Question

Write the integral as the sum of the integral of an odd function and the integral of an even function. Use this simplification to evaluate the integral. $$ \int_{-\pi}^{\pi}(\sin 3 x+\cos 3 x) d x $$

Short answer

The integral of the given function from -π to π is 0.

Step-by-step solution

Identify the type of each function.

The integral contains two functions: \(\sin 3x\) and \(\cos 3x\). As mentioned above, \(\sin x\) is an odd function and \(\cos x\) is an even function. These properties remain the same when the functions become \(\sin 3x\) and \(\cos 3x\).

The integral of an odd function.

Know that the integral of an odd function over a symmetric interval around zero (like -\(\pi\) to \(\pi\)) is always zero. In this case, \(\sin 3x\) is an odd function. Therefore, the integral of \(\sin 3x\) from -\(\pi\) to \(\pi\) is zero.

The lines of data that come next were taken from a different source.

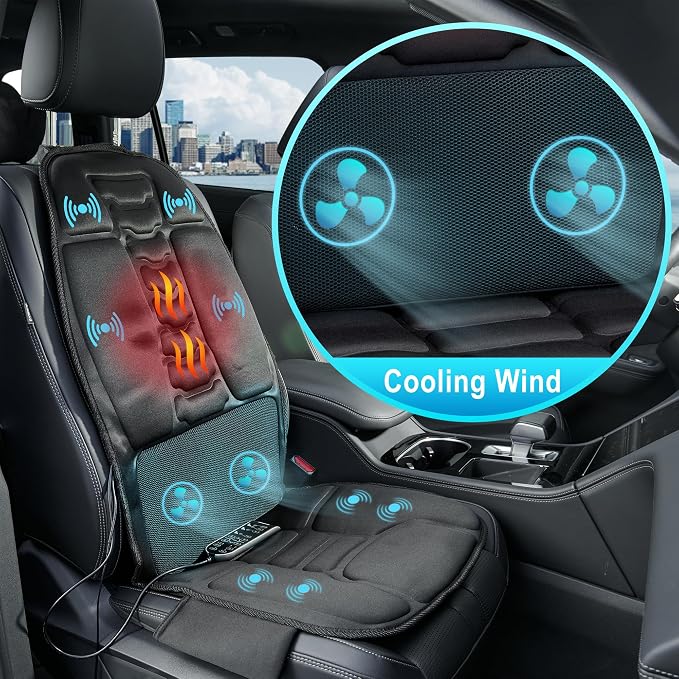 Massage Seat Cushion with Heat, Cooling Back Massager - Image 2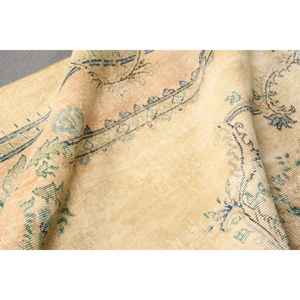 Alfombra Vintage, Alfombra Turca de 3.5x10.6 pies, Alfombra Marroquí de Lana Amarilla y Azul - Product Image 5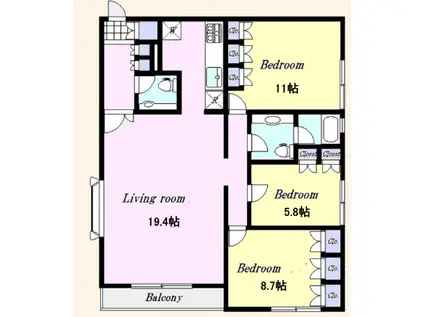 メゾン・ラ・フォンテーヌ(3LDK/1階)の間取り写真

The integral of an even function.

The integral of an even function over a symmetric interval around zero can be simplified as twice the integral from 0 to the upper boundary of the original interval. So, the integral of \(\cos 3x\) from -\(\pi\) to \(\pi\) is twice the integral of \(\cos 3x\) from 0 to \(\pi\). Integrating, we get \(2 \int_{0}^{\pi} \cos 3x dx=2[\frac{\sin3x}{3}]_0^\pi = 2 * (\frac{\sin3\pi}{3}-\frac{\sin0}{3}) \).

Evaluate the integral of the even function.

Evaluate the expression \(2 * (\frac{\sin3\pi}{3}-\frac{\sin0}{3})\). Now, we know that \(\sin3\pi = \sin(2\pi + \pi) = \sin0 = 0\). So, our expression becomes \(2*(0 - 0) = 0\)